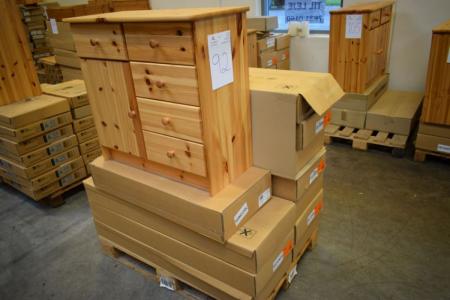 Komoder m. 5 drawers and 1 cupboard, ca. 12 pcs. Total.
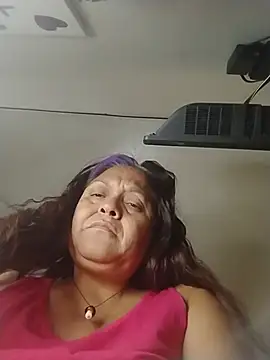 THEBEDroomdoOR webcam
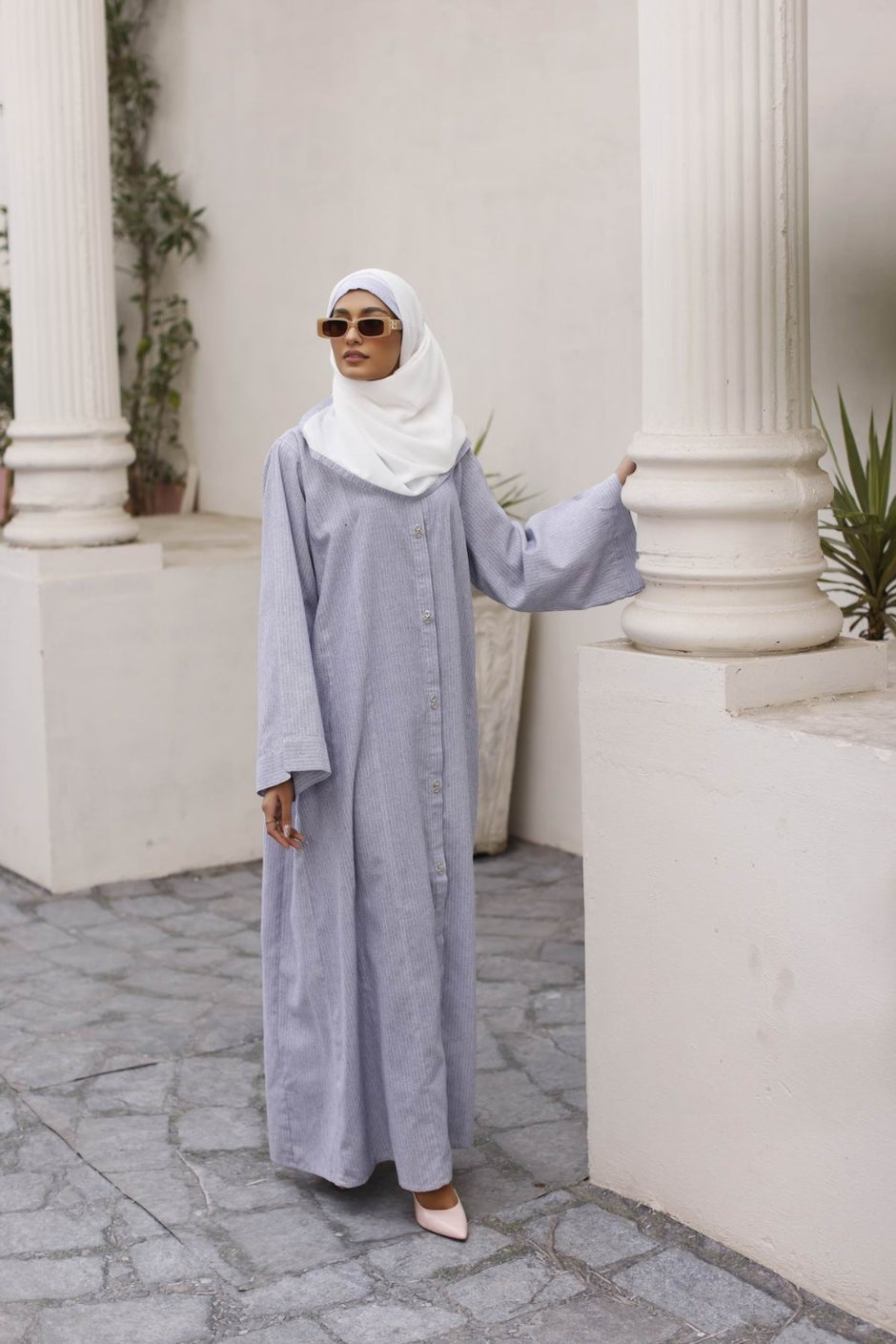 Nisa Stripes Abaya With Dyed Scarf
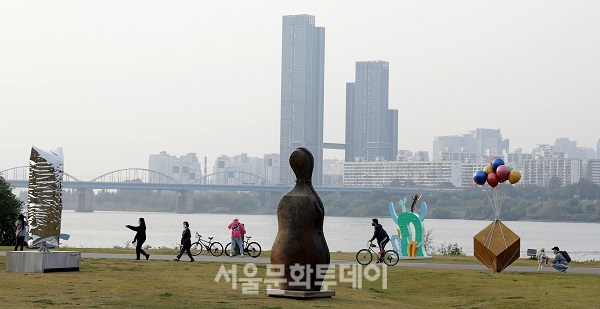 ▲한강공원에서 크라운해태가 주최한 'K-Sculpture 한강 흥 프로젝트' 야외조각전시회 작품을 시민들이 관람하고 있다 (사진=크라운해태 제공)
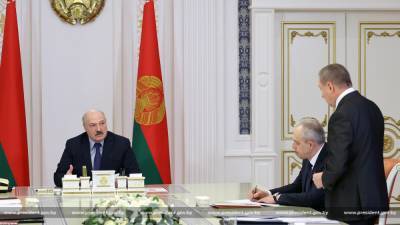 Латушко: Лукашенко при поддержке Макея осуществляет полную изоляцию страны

* * *

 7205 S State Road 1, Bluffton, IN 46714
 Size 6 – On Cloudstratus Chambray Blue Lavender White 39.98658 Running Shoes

* * *

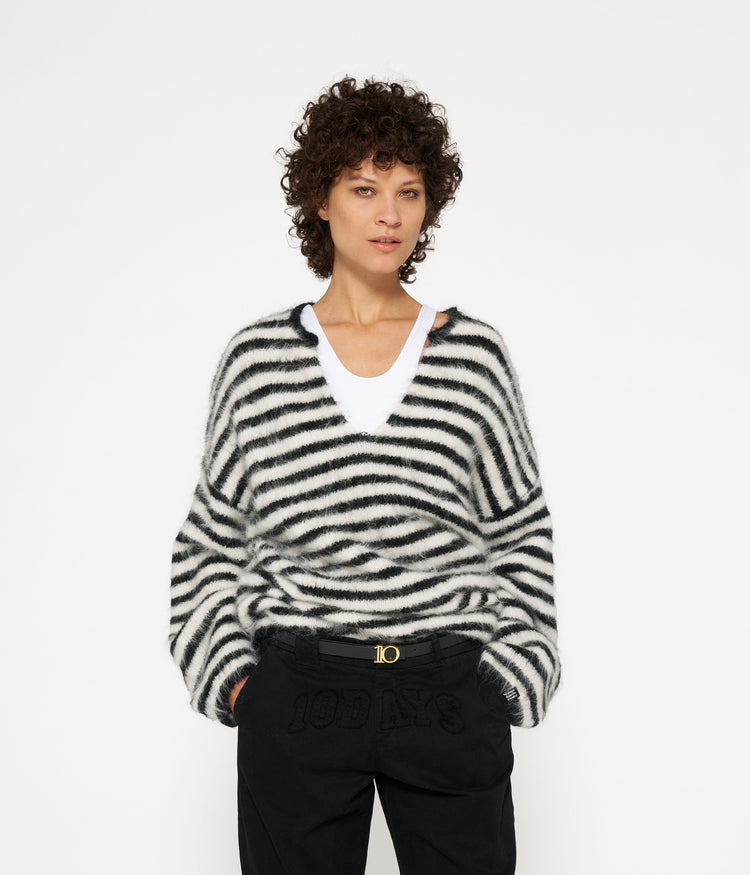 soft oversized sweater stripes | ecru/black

• Activity
Look above for the line with "Nisa Stripes Abaya With Dyed Scarf" and the line with "Латушко: Лукашенко при", then copy exactly the lines from the first through the second, both kept, with no pictures.

• Answer section
 Nisa Stripes Abaya With Dyed Scarf
 ▲한강공원에서 크라운해태가 주최한 'K-Sculpture 한강 흥 프로젝트' 야외조각전시회 작품을 시민들이 관람하고 있다 (사진=크라운해태 제공)
 Латушко: Лукашенко при поддержке Макея осуществляет полную изоляцию страны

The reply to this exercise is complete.